◆ EXERCISE REQUIREMENTS: Look through the data below for the line with "I'm also going" and the line with "Dimension Line. The", then output those two and all lines in between, exactly as written.

◆ EXERCISE MATERIALS:
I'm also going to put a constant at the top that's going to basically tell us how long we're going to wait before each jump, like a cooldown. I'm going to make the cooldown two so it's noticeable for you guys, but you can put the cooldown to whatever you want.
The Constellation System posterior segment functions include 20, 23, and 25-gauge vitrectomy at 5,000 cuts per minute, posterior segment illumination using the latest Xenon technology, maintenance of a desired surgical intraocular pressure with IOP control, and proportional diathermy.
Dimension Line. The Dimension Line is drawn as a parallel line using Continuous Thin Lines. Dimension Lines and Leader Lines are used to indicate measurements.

...

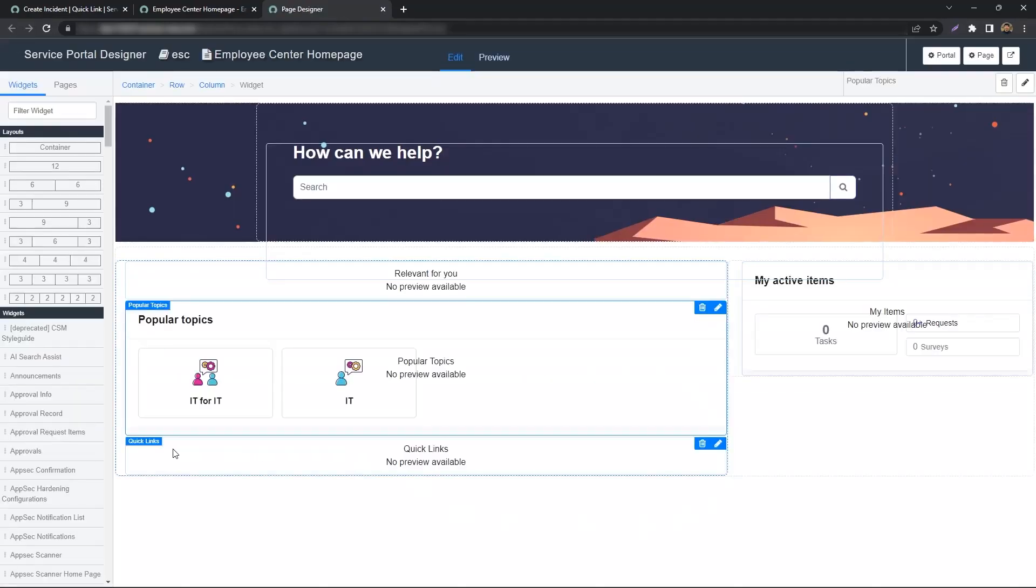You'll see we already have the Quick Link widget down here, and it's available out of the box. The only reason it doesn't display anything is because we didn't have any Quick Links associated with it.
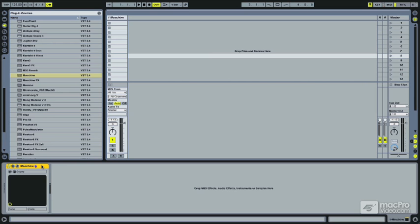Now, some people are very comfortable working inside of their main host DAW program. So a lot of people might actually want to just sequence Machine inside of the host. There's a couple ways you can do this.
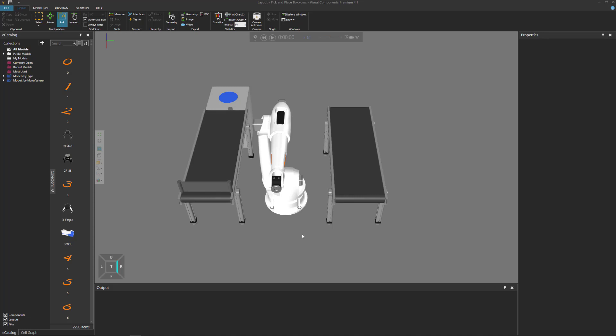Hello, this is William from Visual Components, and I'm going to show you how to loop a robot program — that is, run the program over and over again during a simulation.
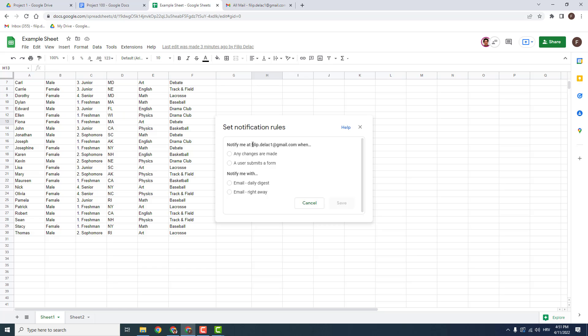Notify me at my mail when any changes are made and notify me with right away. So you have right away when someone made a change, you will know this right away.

--

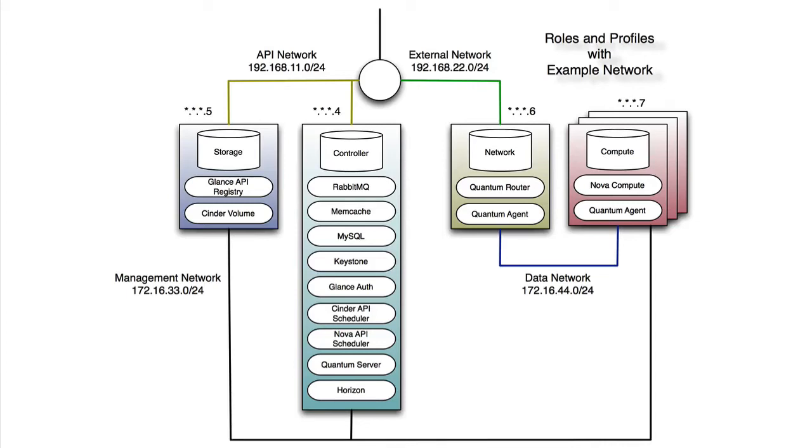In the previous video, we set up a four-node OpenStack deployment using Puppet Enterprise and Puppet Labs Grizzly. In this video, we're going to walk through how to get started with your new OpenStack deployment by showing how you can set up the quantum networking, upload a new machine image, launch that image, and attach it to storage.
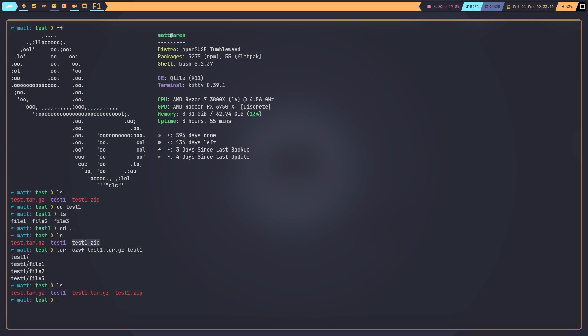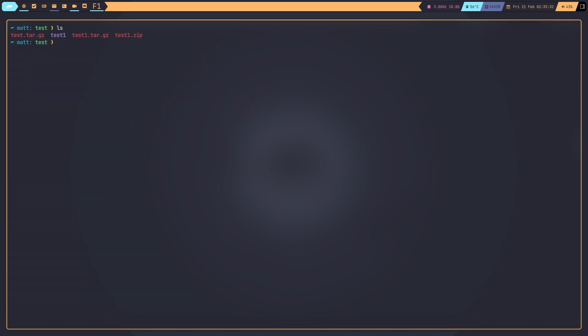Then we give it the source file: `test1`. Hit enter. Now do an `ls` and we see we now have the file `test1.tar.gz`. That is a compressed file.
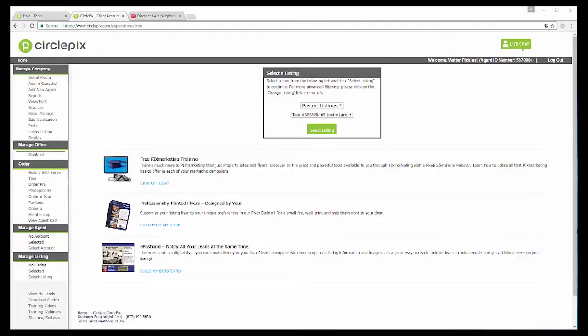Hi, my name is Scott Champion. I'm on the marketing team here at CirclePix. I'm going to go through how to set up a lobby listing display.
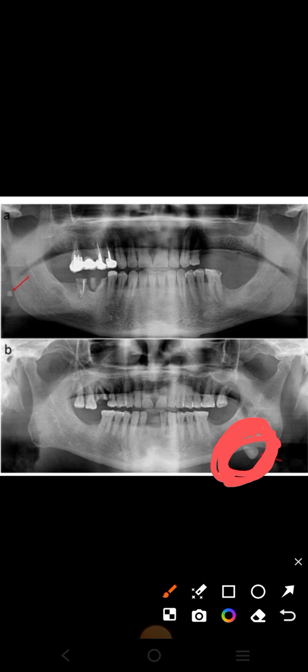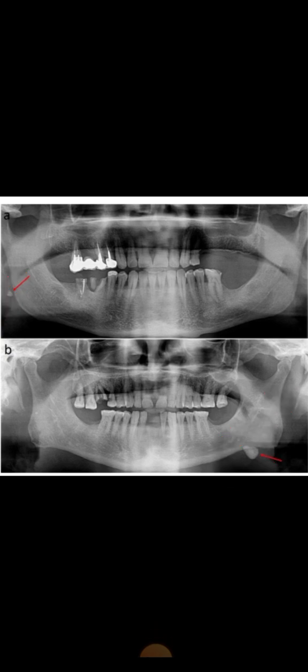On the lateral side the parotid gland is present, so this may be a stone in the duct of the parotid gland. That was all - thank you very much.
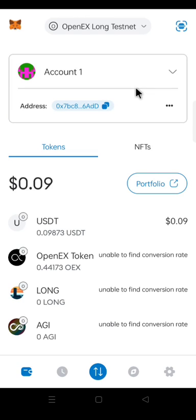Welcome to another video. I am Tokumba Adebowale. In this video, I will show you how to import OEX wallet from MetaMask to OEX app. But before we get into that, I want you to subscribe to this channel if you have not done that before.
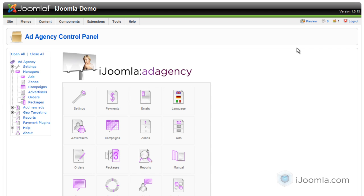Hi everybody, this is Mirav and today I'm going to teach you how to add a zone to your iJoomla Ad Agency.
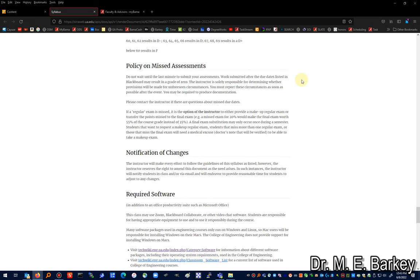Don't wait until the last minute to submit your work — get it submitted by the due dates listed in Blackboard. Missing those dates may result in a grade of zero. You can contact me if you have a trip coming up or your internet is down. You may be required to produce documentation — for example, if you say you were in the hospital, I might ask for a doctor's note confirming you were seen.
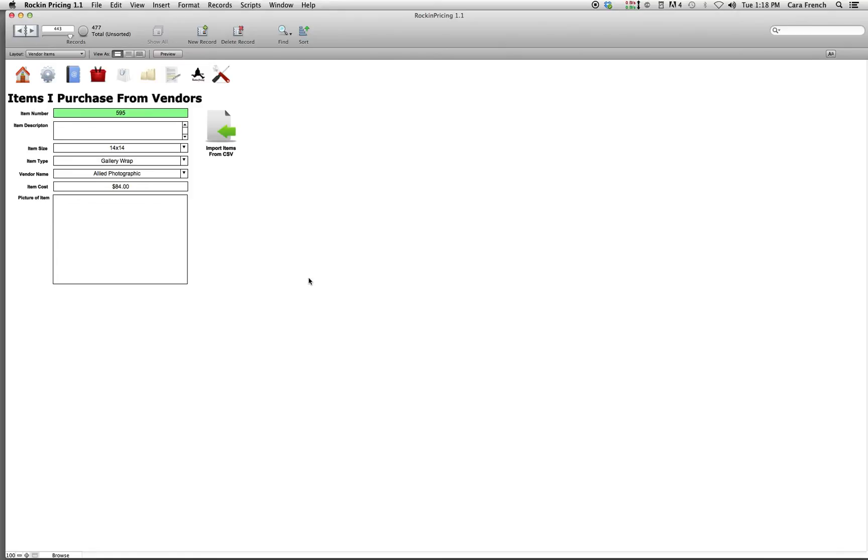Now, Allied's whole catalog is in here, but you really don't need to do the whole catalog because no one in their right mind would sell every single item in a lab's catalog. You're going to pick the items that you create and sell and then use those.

◆ ANSWER TO THE PROBLEM:
I'm also going to put a constant at the top that's going to basically tell us how long we're going to wait before each jump, like a cooldown. I'm going to make the cooldown two so it's noticeable for you guys, but you can put the cooldown to whatever you want.
The Constellation System posterior segment functions include 20, 23, and 25-gauge vitrectomy at 5,000 cuts per minute, posterior segment illumination using the latest Xenon technology, maintenance of a desired surgical intraocular pressure with IOP control, and proportional diathermy.
Dimension Line. The Dimension Line is drawn as a parallel line using Continuous Thin Lines. Dimension Lines and Leader Lines are used to indicate measurements.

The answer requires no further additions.